Give back exactly the line containing "Swirl Butterfly White Framed Print Wall Art" and all that follow it in the data below, with the pictures left out.
==== Source material
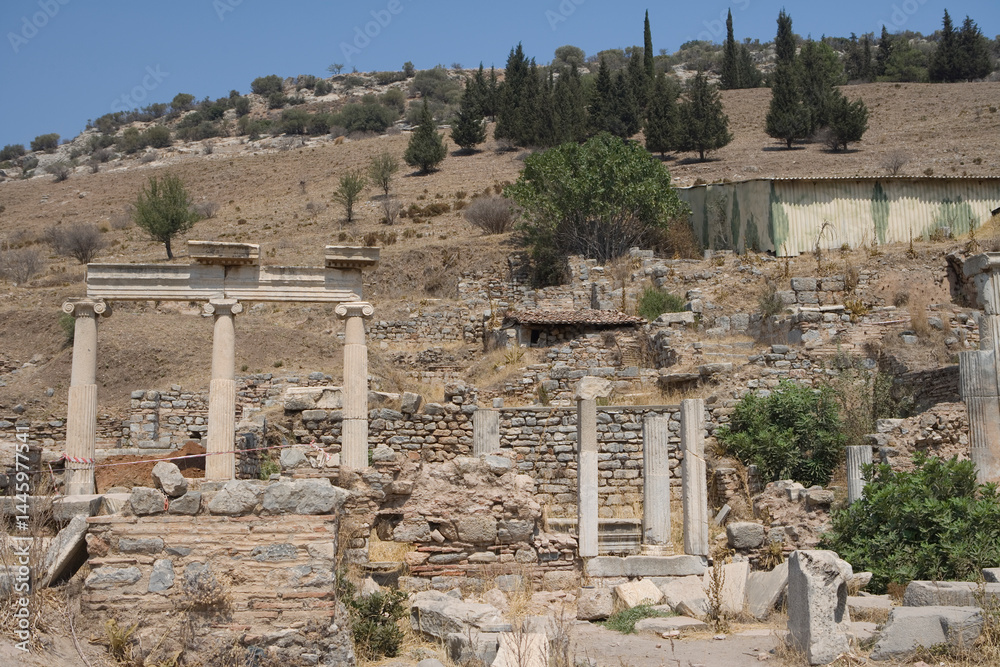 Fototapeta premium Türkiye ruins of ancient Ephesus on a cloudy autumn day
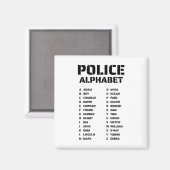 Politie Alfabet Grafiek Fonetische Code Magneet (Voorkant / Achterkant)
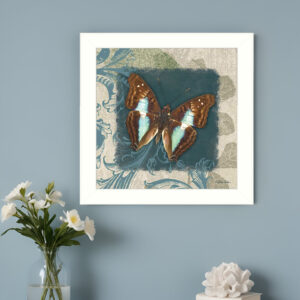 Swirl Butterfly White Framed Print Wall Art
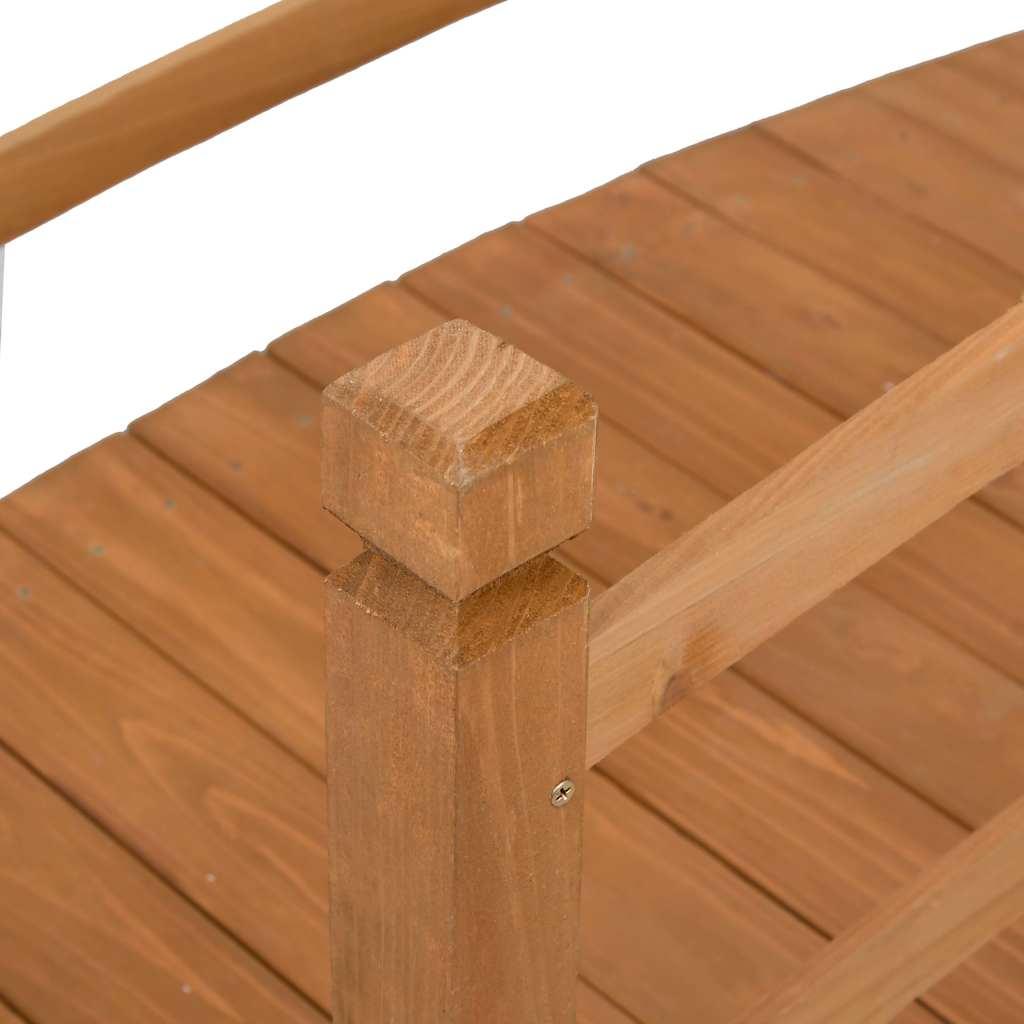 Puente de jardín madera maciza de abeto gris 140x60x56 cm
========
• Solution:
 Swirl Butterfly White Framed Print Wall Art
 Puente de jardín madera maciza de abeto gris 140x60x56 cm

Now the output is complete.